• Information given:
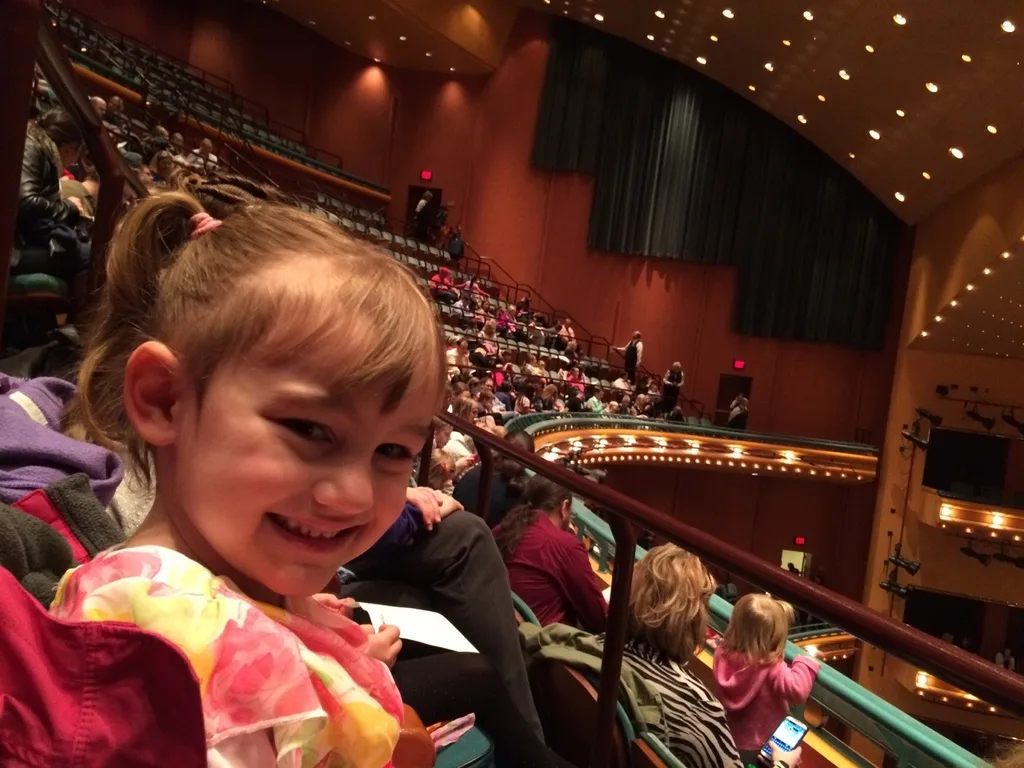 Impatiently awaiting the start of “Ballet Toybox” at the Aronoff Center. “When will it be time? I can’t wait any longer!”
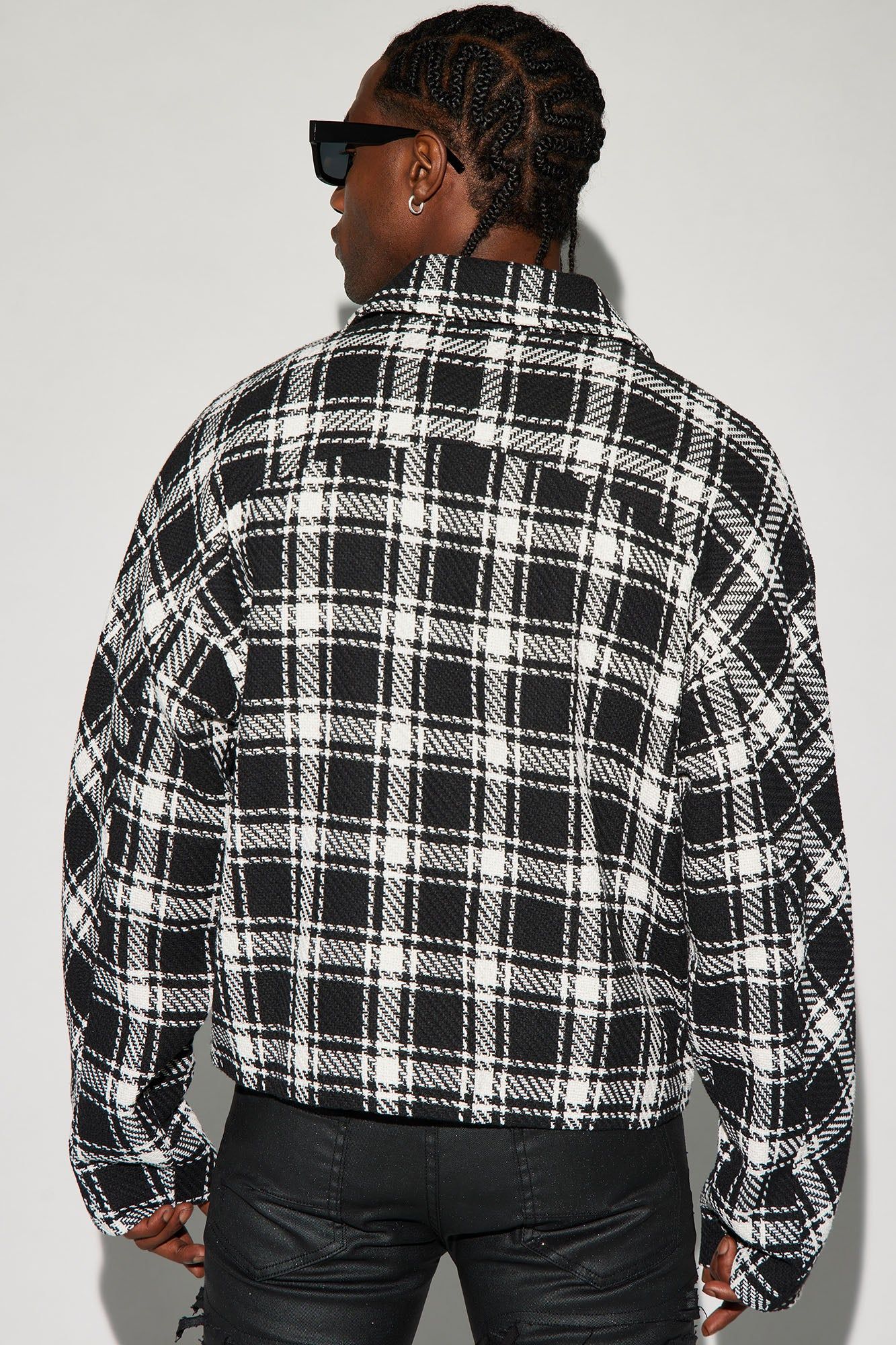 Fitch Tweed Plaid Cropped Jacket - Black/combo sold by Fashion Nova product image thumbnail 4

==

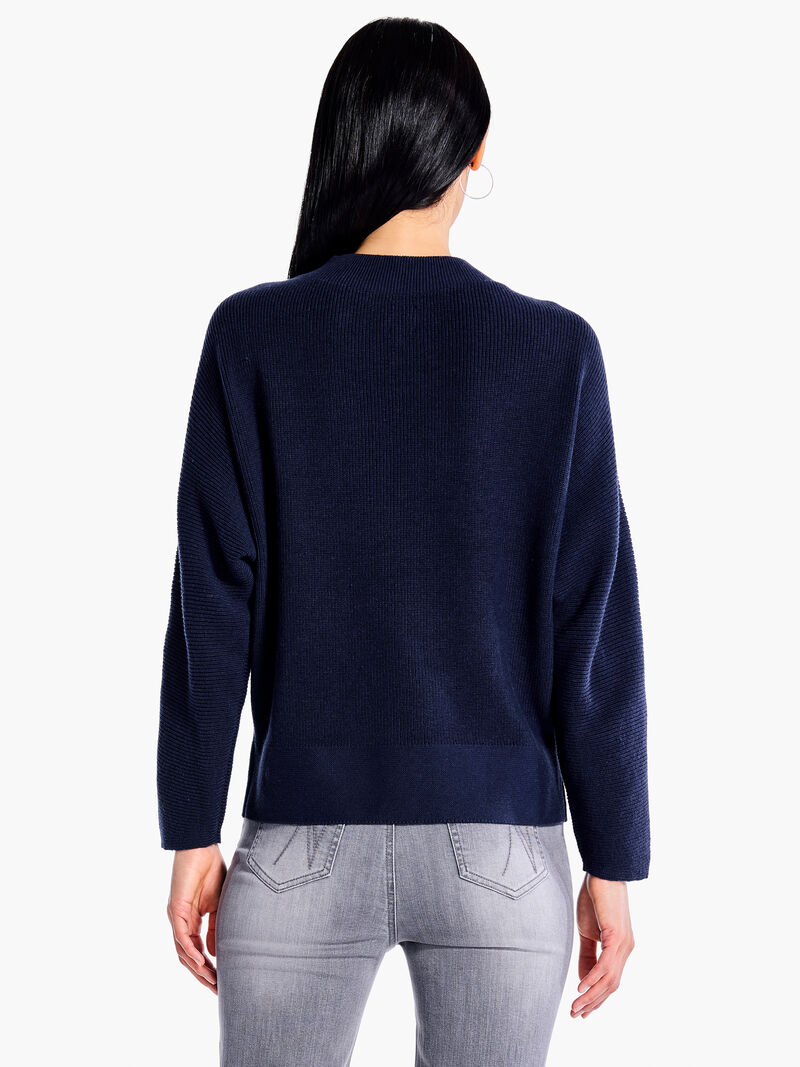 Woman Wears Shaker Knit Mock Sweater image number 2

• What is needed:
Now transcribe the lines above exactly, starting at the line containing "Impatiently awaiting the" and ending at the line containing "Fitch Tweed Plaid", both lines included, pictures excluded.

• Problem solution:
 Impatiently awaiting the start of “Ballet Toybox” at the Aronoff Center. “When will it be time? I can’t wait any longer!”
 Fitch Tweed Plaid Cropped Jacket - Black/combo sold by Fashion Nova product image thumbnail 4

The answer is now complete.